Catatan dan Ingatan

Hana al Biruni
4 min readFeb 22, 2023

--

Kegiatan mencatat di buku tulis bertujuan memindahkan ingatan yang ada di otak menjadi bentuk fisik yang sewaktu-waktu dapat dilihat kembali. Salah satu kenangan masa sekolah adalah kewajiban mencatat apa-apa yang guru tuliskan di papan berwarna hitam. Selain itu, yang membekas yakni mengerjakan tugas-tugas sekolah. Misal, meringkas materi pelajaran di buku tulis dengan tulisan tangan.
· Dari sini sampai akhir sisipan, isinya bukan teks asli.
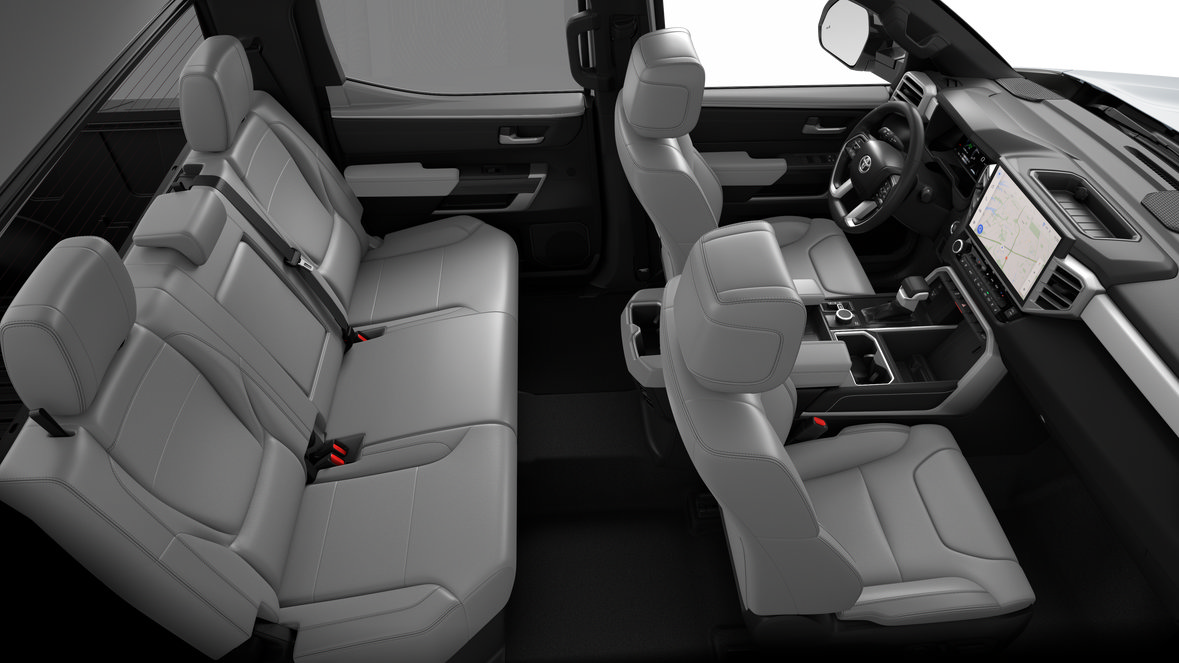 New 2026 Toyota Tundra Limited AWD/4WD image 30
Seorang guru yang mengajar bahasa Inggris semasa saya SMP (2013) memerintahkan kami (murid-murid) untuk mencatat seluruh kosakata bahasa Inggris berikut artinya di buku tulis. Kosakata tersebut berasal dari buku paket atau lembar kerja siswa (LKS). Tidak hanya itu, dalam setiap tugas yang diberikan yakni berupa latihan soal, guru yang terkenal tegas tersebut meminta kami untuk menerjemahkan seluruh kata yang ada di halaman-halaman tersebut. Yang jelas, tidak hanya menerjemahkan teks soal dan pilihan jawabannya, tetapi juga beserta instruksi soal tersebut.

Kesemuanya kami lakukan dengan tulis tangan. Tidak heran jika banyak murid yang tidak menyukai mata pelajaran ini karena tugas-tugasnya dirasa merepotkan. Namun, keunikan guru saya tidak hanya itu. Dia berprinsip tidak menuliskan jawaban di buku paket atau LKS miliknya. Jika kami dengan senang hati mencoret-coret buku paket — terlebih bagian latihan soal — agar terlihat rajin dan mudah mengingat jawaban apabila nantinya menemukan soal serupa, guru saya justru membiarkan bukunya bersih.
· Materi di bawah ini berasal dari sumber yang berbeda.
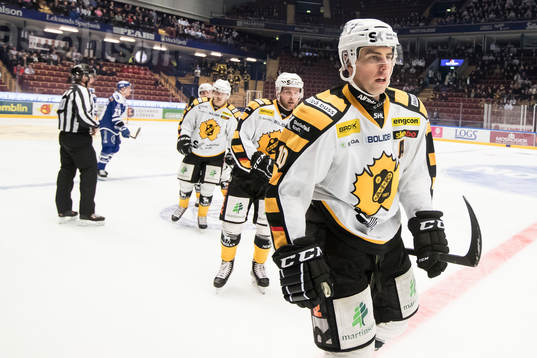 Skellefteås Joakim Lindström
Alasannya, dia ingin menjaga kualitas ingatannya. Jika jawaban telah tertulis di bagian latihan soal, dia memang menitipkan ingatannya di situ. Namun sebenarnya, dia merasa hal demikian justru membuat dia tidak banyak mengingat pengetahuan. Ketika membuka kembali buku tersebut, dia tidak merasa perlu memecahkan soal itu lagi. Maka, dia merasa otaknya tidak digunakan kembali, tidak digunakan terus-menerus.

Dengan tidak menuliskan jawaban di bukunya, dia dapat selalu menjawab soal tersebut: mengasah ingatannya. Jika sewaktu-waktu merasa lupa dengan materi atau cara memecahkan soal tersebut, dia juga mempelajarinya kembali. Maka, bisa dibilang, dia tidak pernah berhenti belajar. Hal ini tentu kontras atau bertentangan dengan kalimat: “Ikatlah ilmu dengan tulisan.” Yang disebut tulisan di sini juga berarti catatan. Kita teringat petunjuk-petunjuk diberikan Hernowo dalam buku Mengikat Makna (2001). Mencatat atau menuliskan lagi dari hasil belajar atau membaca artinya tindakan mengikat makna. Khusus dalam menghadapi soal-soal, dia tidak mencadangkan ingatannya dengan menuliskan jawaban di buku. Dia memiliki caranya sendiri dalam merawat ingatan dan mengikat-kekalkan ilmunya.

Temuan

Aksara bukan barang baru. Ditemukan ribuan tahun lalu, aksara merupakan produk berpikir manusia yang kemudian memudahkannya untuk menuangkan gagasan dalam bentuk simbol bunyi, bukan lagi dalam bentuk gambar atau simbol-simbol yang sulit diartikan dan dipahami. Keterbacaan suatu gagasan dipermudah dengan digunakannya lambang bunyi tersebut. Dengan demikian, komunikasi antarmanusia berkembang dengan adanya tulisan, tidak hanya dalam bentuk lisan.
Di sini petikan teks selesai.